(HealthDay News) – The majority of biologics approved since 1997 include pediatric information in their labeling and have been studied in pediatric trials, according to a review published online Jan. 14 in Pediatrics.
Marilyn J. Field, PhD, from the Institute of Medicine in Washington D.C., and colleagues reviewed product labels from 96 biologics and 55 vaccines licensed by the U.S. Food and Drug Administration between 1997–2010, which were still marketed as of 2010, for information on approved pediatric uses, pediatric studies, or pediatric safety warnings based on analyses of adverse events. Registered pediatric studies of these biologics were identified through ClinicalTrials.gov.
The researchers found that about 60% of the biologics had labeling demonstrating approved pediatric study information or pediatric use or both. At least one registered pediatric trial was completed, underway, or planned for about 85% of the biologics.
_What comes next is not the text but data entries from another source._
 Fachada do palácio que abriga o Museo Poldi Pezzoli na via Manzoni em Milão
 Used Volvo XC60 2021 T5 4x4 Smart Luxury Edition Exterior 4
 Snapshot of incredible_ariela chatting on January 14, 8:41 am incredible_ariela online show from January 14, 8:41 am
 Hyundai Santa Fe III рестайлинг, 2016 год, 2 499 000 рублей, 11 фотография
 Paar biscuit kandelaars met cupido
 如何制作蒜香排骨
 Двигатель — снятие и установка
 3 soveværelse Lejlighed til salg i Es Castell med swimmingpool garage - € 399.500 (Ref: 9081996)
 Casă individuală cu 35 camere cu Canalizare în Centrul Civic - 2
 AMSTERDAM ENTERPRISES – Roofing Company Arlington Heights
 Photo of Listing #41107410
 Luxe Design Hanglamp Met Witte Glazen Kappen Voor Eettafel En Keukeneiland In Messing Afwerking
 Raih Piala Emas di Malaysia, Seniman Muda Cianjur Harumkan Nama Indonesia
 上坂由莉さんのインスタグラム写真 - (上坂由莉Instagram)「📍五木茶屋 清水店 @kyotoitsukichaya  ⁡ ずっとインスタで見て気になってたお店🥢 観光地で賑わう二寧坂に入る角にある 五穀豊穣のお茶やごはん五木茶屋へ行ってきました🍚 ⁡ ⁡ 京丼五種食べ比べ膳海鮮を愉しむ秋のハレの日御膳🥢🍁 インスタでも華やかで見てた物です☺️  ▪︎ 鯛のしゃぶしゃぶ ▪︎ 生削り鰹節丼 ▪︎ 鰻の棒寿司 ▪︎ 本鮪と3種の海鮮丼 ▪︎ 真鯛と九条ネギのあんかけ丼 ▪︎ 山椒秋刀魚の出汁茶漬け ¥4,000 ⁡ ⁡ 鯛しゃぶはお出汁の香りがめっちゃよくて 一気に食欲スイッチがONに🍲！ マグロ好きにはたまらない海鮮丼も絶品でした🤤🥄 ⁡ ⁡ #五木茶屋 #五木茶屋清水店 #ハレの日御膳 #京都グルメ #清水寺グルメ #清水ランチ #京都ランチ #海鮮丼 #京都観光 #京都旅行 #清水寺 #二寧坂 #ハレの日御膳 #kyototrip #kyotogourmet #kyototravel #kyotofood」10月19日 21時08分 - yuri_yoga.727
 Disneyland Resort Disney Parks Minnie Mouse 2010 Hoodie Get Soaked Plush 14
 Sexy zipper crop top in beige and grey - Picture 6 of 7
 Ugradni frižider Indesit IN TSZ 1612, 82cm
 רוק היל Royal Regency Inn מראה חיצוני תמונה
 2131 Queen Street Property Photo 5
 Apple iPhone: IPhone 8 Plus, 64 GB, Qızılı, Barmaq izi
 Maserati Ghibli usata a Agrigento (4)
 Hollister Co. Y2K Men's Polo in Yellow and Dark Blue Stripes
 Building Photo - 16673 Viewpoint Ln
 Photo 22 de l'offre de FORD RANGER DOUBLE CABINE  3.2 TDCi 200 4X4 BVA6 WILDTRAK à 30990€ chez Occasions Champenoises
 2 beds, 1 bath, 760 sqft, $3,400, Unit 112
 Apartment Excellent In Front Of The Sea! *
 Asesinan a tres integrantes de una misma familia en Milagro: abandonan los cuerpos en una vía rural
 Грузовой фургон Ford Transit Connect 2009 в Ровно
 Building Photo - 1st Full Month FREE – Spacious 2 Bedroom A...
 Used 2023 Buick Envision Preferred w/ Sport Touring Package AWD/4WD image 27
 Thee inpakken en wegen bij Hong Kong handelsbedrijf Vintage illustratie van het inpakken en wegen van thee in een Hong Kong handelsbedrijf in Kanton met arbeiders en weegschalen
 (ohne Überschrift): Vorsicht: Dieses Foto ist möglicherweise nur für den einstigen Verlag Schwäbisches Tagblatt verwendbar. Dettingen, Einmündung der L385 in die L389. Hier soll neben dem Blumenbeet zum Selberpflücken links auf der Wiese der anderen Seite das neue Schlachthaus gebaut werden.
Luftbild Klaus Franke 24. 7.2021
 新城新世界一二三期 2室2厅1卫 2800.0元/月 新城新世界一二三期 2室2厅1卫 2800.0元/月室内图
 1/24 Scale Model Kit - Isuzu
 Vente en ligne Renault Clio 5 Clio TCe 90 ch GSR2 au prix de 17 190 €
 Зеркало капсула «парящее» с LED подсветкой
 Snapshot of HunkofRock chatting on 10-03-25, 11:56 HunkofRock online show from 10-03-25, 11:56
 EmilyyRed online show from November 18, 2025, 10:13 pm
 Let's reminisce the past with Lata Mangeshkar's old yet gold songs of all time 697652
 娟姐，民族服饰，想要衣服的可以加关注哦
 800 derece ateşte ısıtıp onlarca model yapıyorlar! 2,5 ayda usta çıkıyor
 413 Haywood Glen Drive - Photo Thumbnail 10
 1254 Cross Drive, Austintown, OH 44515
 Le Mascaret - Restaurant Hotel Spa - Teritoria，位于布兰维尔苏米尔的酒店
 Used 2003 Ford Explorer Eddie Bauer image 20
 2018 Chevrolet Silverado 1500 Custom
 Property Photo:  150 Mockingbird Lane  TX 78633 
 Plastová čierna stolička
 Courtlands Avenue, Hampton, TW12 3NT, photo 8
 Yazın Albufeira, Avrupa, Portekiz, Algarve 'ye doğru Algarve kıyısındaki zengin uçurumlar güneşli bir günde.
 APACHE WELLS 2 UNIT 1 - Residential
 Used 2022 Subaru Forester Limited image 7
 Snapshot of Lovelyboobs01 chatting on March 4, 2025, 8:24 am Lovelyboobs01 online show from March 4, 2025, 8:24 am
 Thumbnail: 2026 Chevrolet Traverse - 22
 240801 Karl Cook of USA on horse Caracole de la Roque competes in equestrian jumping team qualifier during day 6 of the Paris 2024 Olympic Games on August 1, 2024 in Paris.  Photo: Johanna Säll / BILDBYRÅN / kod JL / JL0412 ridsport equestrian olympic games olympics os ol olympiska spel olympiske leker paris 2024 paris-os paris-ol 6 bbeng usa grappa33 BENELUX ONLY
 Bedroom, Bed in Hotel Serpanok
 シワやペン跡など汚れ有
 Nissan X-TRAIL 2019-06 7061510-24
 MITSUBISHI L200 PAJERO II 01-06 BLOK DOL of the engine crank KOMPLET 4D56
In total, about 90% of biologics had one or a combination of the following characteristics: were labeled for pediatric use, had pediatric information in the label, or had a registered pediatric study; as did 95% of analyzed vaccines.
“Overall, this analysis indicates substantial investigation of pediatric uses of biologics by government, industry, and non-industry sponsors of research,” the authors write. “Most of the products with neither pediatric labeling nor registered pediatric studies are approved for indications that are rare or not diagnosed in children.”